1.非典型的なハラスメント事案
暴行や暴言といった典型的なハラスメント事案に関しては、裁判例の集積により、ある程度の相場観が形成されています。
しかし、ハラスメント行為は多岐に渡っており、その全てが典型的であるわけではありません。時には予想の斜め上を行くハラスメントが行われることもあります。

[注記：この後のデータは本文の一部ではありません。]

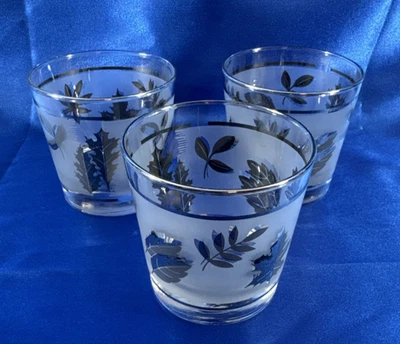 3 Libbey Silver Leaf Foliage Short Old Fashioned Rocks Glasses Mid-Century Mod - Image 1 of 4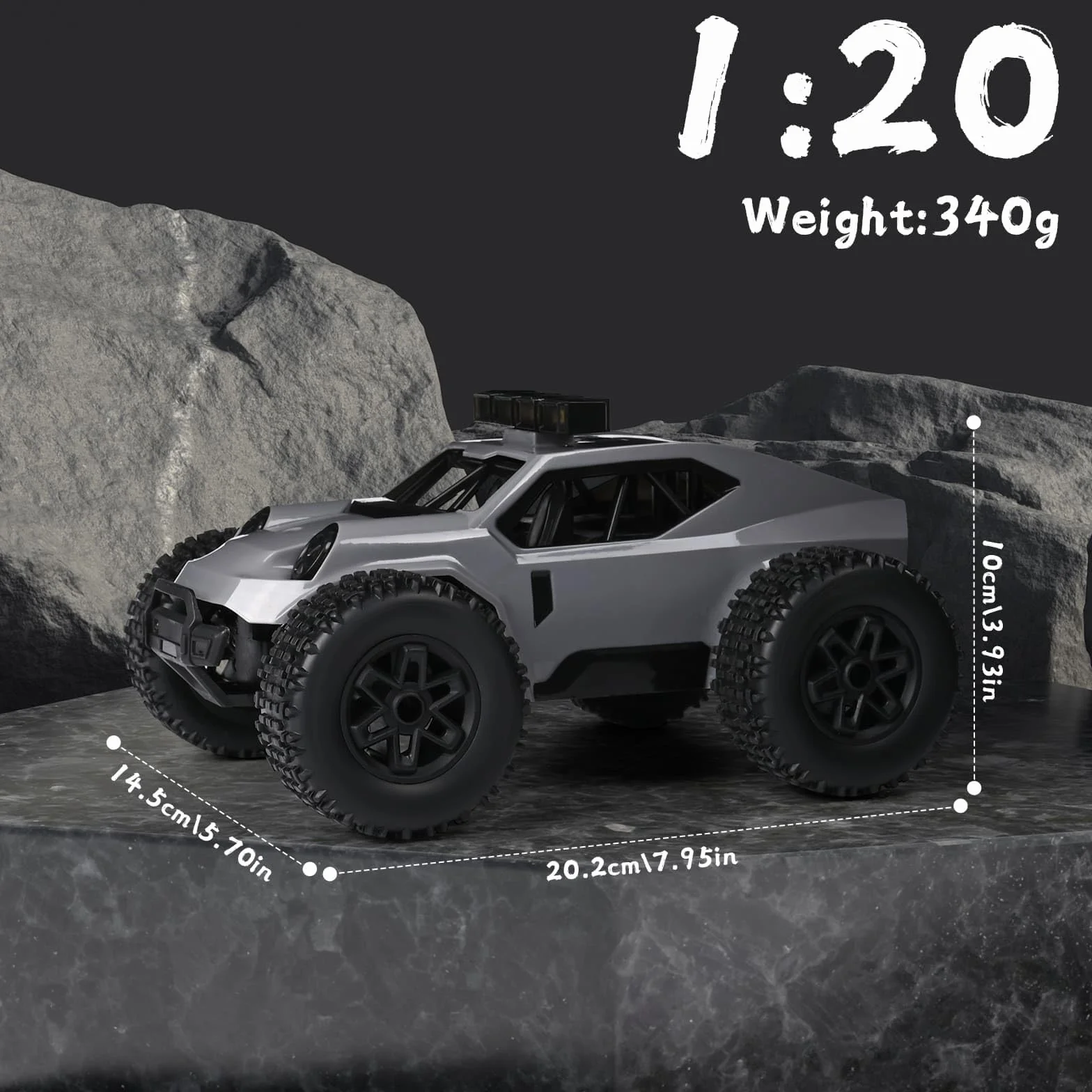 Comius Sharp Samochód zdalnie sterowany, 1/20 20km/h, szybki zdalnie sterowany samochód, pojazd terenowy z napędem na cztery koła ze światłami LED, prezent dla dzieci w wieku 7-14 lat (szary)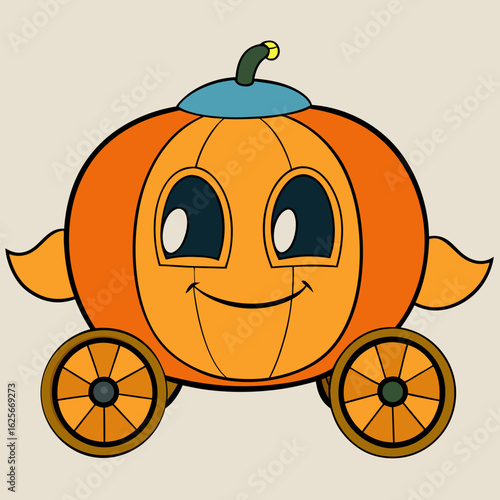 Smiling pumpkin carriage with wheels and blue hat design  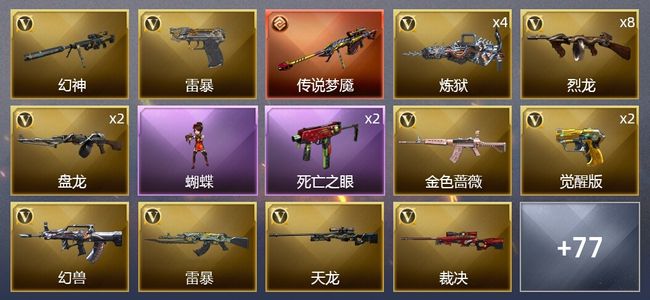 穿越火线（CF）1传说武器 10王者武器 4炫金武器 107V武器 5V角色 17皮肤 可排位 枪王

近時公刊された判例集に掲載されていた東京地判令2.10.28労働判例ジャーナル108-40 大器キャリアキャスティング事件も、そうした非典型的なハラスメントが問題になった事件の一つです。
2.大器キャリアキャスティング事件
本件は、原告労働者が雇止めの効力を争って未払賃金の支払を求めるとともに、ハラスメントを理由とする損害賠償を請求した事件です。

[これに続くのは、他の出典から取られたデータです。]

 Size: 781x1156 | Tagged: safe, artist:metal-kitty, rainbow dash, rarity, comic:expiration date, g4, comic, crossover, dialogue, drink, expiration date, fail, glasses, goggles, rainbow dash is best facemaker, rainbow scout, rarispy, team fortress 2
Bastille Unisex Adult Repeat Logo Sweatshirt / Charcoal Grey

特異なのは損害賠償請求の部分で、原告は、ハラスメントに関し、次のような主張をしました。
(原告の主張)
「被告会社のエリアマネージャーであった被告P3は、令和2年1月4日、原告が勤務するセルフP4給油所に立ち寄り、原告が店舗2階で定時連絡の電話をしているところを見つけて原告に因縁をつけ、原告に対し,裸体写真を撮影してその写真を電子メールで送るよう強要したり、『奴隷契約書』と題する書面(甲7)を電子メールで送りつけ、性的な虐待を甘受するよう強要したものであり、被告P3の当該行為は不法行為に該当する。」
「原告は、前記・・・被告P3の行為によって精神的苦痛を受けたものであり、慰謝料は100万円が相当である。」
被告が裁判所に欠席したことを受け、裁判所は、請求原因事実に自白があるとみなしたうえ、次のとおり判示して、原告の請求を認めました。
(裁判所の判断)
「被告P3は原告に対し不法行為に基づく損害賠償義務を負うと認められ、損害については、前記事実並びに証拠(甲7)及び弁論の全趣旨によって認められる本件に顕れた一切の事情を考慮すると、慰謝料として100万円を認めるのが相当である。」
3.被告欠席の事案ではあるが・・・
本件は、欠席判決であることから原告の主張がそのまま認められたにすぎず、裁判所が相当と考える金額を示した事案とはいえないのではないかという疑問を持つ方がいるかも知れません。
しかし、欠席判決であることは、適正な慰謝料額について裁判所が判断していないこととは、必ずしも結び付きません。なぜなら、裁判所は慰謝料額については、擬制自白に拘束されるわけではないからです。
例えば、静岡地沼津支判平2.12.20労働判例580-17 ニューフジヤホテル事件は、被告不出頭の擬制自白事案でしたが、原告がセクシュアルハラスメントを理由に慰謝料500万円の支払いを請求したことに対し、精神的損害に対する慰謝料の額は100万円が相当であると判示しています。つまり、被告欠席の事案であったとしても、慰謝料額については、過大な請求がそのまま認められるわけではありません。
本件は裸体写真の送付を強要したり、奴隷契約書を送りつけたりするというハラスメントについて、被害者に支払われるべき慰謝料額を100万円と認定しました。奴隷契約書というものは流石に私も目にしたことがありませんが、性的な画像の送付を強要する例は稀にあり、同種事案における慰謝料水準を知るうえで参考になります。